そして実際に、体を水に沈めて顔だけを外に向けている場面も。

根を水の中に伸ばして花だけを外に開かせる「睡蓮」を連想させます。

静かに淡々と演奏するメンバーたちは、海や川ではなく動きの少ない池の水面。

穏やかな旋律から抜ける松本大のハイトーンやファルセットに感じる水の透明感。

そこに「水」がなくても水を感じ、揺れる睡蓮を感じるMVです。

「Water Lily」の歌詞に揺れる睡蓮の正体は

まるで詩のような美しい言葉が並ぶ「Water Lily」。

だからこそ比喩的で、松本大が込めた物語を完全に解読するのは難しいかもしれません。

今回は睡蓮と、それを常に支えているとの関係になぞらえて、読み解いていきましょう。

孤独を知ることが嬉しい

【LAMP IN TERREN/Water Lily】睡蓮の様に漂うものとは…詩的な歌詞の意味に迫るの画像

孤独は君がくれたものだよ
冷めた手からそう聴こえた気がした
その熱に触れているのに
なぜか嬉しくて笑ってしまう

その目は僕を見つめていた
差し込む光のようだった

出典: Water Lily/作詞:松本大 作曲:松本大

冒頭の「君」は、恋人のことを表すのでしょう。

「孤独」という言葉から連想するのは2人の別れ。しかし、孤独に「した」ではなく「くれた」

今までぼんやりとしていた「孤独」の本当の意味を教えてくれたのが君、ということです。

君といる時間が幸せすぎたから、離れて初めて「孤独」を知ることができたわけです。

実家にいると親のありがたみが分からない、というように離れて初めて分かることがあります。
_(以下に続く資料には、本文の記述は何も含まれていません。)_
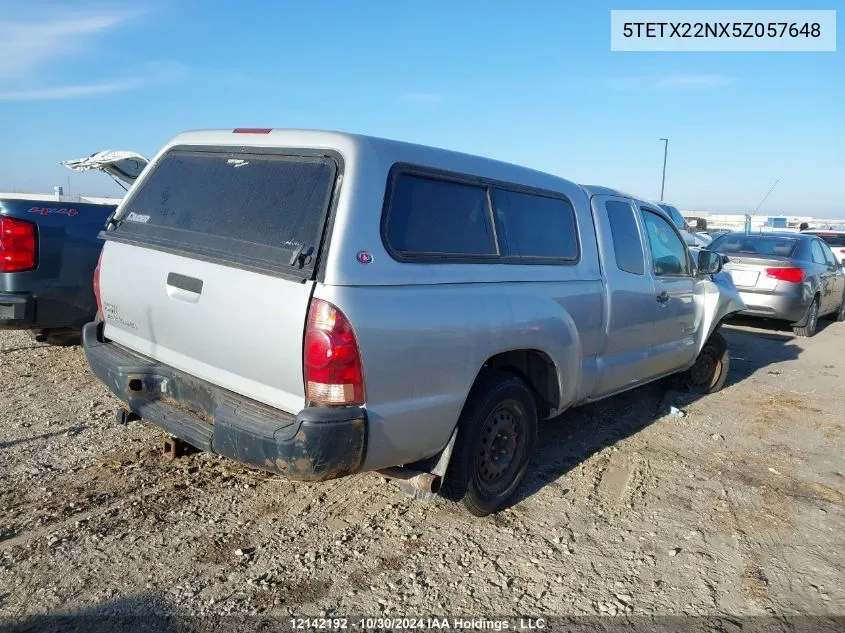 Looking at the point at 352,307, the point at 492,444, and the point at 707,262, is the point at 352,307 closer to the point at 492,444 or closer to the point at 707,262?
the point at 492,444

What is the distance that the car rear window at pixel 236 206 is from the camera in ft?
9.91

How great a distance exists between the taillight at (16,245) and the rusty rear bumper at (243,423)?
7.36 ft

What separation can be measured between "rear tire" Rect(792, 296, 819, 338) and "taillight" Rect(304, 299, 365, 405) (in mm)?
9553

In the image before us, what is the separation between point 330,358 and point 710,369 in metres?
5.25

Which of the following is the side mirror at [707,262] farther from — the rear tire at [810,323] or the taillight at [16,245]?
the taillight at [16,245]

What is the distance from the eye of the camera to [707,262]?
5988 mm

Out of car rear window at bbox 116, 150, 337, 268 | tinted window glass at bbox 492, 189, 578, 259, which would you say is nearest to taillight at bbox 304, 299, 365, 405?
car rear window at bbox 116, 150, 337, 268

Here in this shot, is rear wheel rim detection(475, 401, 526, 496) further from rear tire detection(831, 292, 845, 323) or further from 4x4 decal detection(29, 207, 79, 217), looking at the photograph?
rear tire detection(831, 292, 845, 323)

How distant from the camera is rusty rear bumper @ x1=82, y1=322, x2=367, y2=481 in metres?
2.84

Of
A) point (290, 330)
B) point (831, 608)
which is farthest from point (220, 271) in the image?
point (831, 608)

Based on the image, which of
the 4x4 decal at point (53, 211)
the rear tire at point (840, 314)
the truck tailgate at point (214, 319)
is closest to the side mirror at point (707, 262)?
the truck tailgate at point (214, 319)

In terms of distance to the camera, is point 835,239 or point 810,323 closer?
point 810,323

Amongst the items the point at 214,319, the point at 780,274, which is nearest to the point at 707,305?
the point at 780,274

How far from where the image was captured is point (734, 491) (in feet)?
14.6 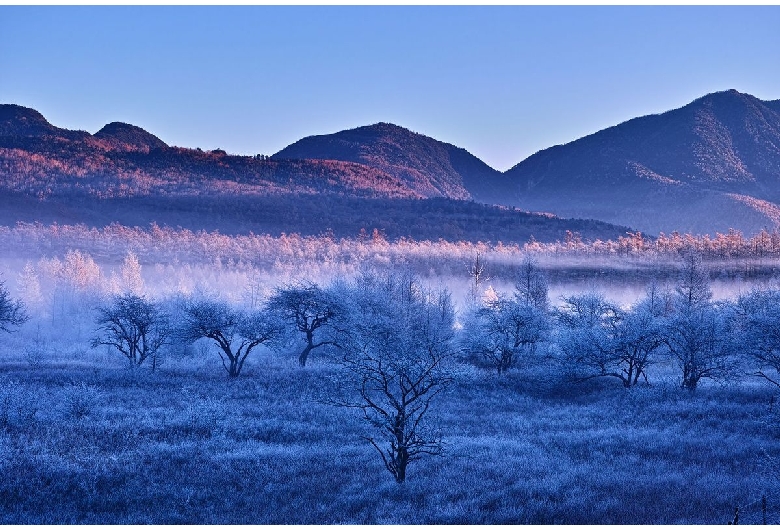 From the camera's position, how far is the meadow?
1688 centimetres

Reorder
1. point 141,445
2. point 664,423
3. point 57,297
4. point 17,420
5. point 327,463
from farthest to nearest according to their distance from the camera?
point 57,297 < point 664,423 < point 17,420 < point 141,445 < point 327,463

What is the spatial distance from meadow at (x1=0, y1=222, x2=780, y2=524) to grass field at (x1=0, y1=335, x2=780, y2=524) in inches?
3.5

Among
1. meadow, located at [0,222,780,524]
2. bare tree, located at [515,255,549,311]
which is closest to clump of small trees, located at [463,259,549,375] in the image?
meadow, located at [0,222,780,524]

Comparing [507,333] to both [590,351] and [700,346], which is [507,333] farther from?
[700,346]

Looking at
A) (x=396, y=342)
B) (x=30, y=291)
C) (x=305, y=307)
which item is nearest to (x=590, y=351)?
(x=396, y=342)

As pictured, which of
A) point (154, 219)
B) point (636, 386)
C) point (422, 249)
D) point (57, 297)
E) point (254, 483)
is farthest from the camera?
point (154, 219)

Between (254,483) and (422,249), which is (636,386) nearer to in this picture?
(254,483)

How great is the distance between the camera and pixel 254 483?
1980cm

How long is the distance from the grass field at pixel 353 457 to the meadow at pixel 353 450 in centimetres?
9

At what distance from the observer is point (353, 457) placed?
23.9 metres

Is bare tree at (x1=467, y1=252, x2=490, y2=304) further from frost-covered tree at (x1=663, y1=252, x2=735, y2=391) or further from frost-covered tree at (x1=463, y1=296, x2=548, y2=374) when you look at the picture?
frost-covered tree at (x1=663, y1=252, x2=735, y2=391)

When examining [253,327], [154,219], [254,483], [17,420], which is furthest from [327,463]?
[154,219]

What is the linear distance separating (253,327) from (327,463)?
28.3 metres

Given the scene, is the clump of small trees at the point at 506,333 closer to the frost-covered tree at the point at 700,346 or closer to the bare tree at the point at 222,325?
the frost-covered tree at the point at 700,346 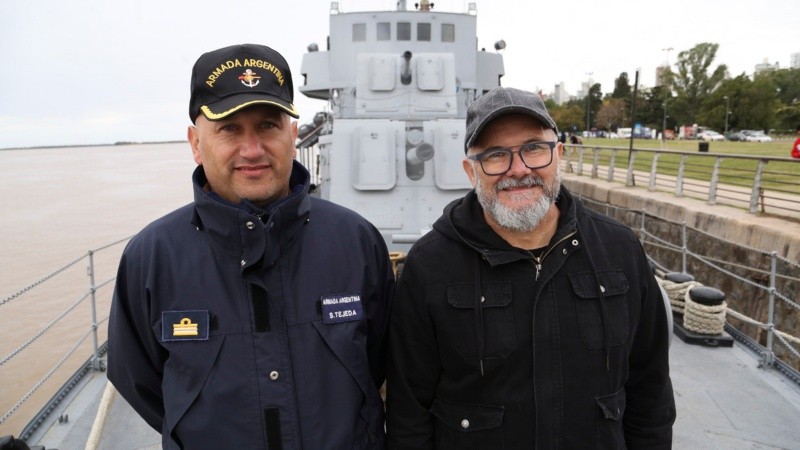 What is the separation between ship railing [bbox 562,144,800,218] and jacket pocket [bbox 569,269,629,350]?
6.70 meters

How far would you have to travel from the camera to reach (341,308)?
5.94 feet

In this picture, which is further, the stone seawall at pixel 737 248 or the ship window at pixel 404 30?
the ship window at pixel 404 30

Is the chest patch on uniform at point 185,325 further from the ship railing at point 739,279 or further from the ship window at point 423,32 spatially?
the ship window at point 423,32

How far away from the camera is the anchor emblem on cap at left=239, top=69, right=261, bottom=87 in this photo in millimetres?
1758

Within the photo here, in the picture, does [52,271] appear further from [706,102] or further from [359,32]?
[706,102]

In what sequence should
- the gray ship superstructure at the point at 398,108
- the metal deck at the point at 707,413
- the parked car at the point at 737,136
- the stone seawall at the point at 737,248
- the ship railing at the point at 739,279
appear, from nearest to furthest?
the metal deck at the point at 707,413 → the gray ship superstructure at the point at 398,108 → the ship railing at the point at 739,279 → the stone seawall at the point at 737,248 → the parked car at the point at 737,136

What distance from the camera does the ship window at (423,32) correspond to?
10.1 metres

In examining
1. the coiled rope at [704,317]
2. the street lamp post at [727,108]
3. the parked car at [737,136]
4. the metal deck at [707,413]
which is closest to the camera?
the metal deck at [707,413]

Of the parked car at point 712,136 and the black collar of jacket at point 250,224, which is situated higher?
the parked car at point 712,136

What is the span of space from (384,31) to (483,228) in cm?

実際に2人が距離をとっているのかどうかは、この時点では不明です。

水に浮かぶ睡蓮の花は、同じ茎から咲く花もなく、孤独を感じているかもしれません。

水で冷やされた睡蓮の花びらである「君」が、水である「僕」に話しかけます。

「君」は孤独について真面目に語っているのに、僕は嬉しいと感じてしまった。

それは裏を返せば「今までが幸せすぎたの」と言われているようなものだからです。

幾重にも重なる花びらの隙間から、太陽光が水の中に伸びている光景が浮かびます。

君の視線は、水の中で決して曲がらない光のように、真っ直ぐです。

幸せな孤独感を君にも

それは魔法みたいに消えた
胸につかえた言葉の形
君が僕に触れたときから
まるで違う色を放っていた

息を呑むほど眩しくって
怯えるほどに愛しかった だからね
孤独は君がくれたものだよ
僕もまた 君にあげる

出典: Water Lily/作詞:松本大 作曲:松本大

何か伝えたい想いがあったのでしょうか。

胸につかえているのであれば、言い出しにくい内容だったのかもしれません。

しかし君を知って、胸のつかえがスッとなくなりました。

そして君は鮮やかな色を持って美しく花を広げていきます。

もし僕が「水」なら、光を受ける花は恐ろしいほどに魅力的に見えるはずです。

君が僕に触れていてもいいのか、僕なんかでいいのか。

僕は君の美しさに追いつけず、孤独に苛まれます。

これもまた、君のそばにいるからこそ感じてしまう孤独です。幸せな孤独感

養分である自分を吸い上げて美しく花開いていくことが誇らしくもあり、寂しくもあるのでしょう。

僕は幸せな孤独を、君にもあげたいと思ったのです。

君が求めているのは僕

【LAMP IN TERREN/Water Lily】睡蓮の様に漂うものとは…詩的な歌詞の意味に迫るの画像

心が息を止める度に
見つめた両目を聴く度に
夏の継ぎ目にキスするように
君を想う度 近づいていける
寂しさはきっと愛しいもの
繰り返しながら埋めていくよ
滲むその目に映った僕を
君の中に見つけたんだ

出典: Water Lily/作詞:松本大 作曲:松本大

僕は、君が美しくなっていく度に恐怖にも似た愛おしさを感じます。

口がきけない花である君の心を読むには、君の目から感じ取るしかありません。

花が綺麗に開き水を欲していることを感じた僕は、根を伝って君に近づきます。

細胞のひとつひとつに口づけるようにゆっくりとした速度なのでしょう。

誰かが孤独を感じたら、誰かが孤独を埋めていく。

寂しい、と思うのは誰かを求めている証拠で、大切にしたい感情です。

寂しさや孤独で涙が浮かぶ君の瞳に、僕の姿が映っています。

君は、他の誰でもなく僕を求めているということです。君の孤独を埋めるのは僕なのです。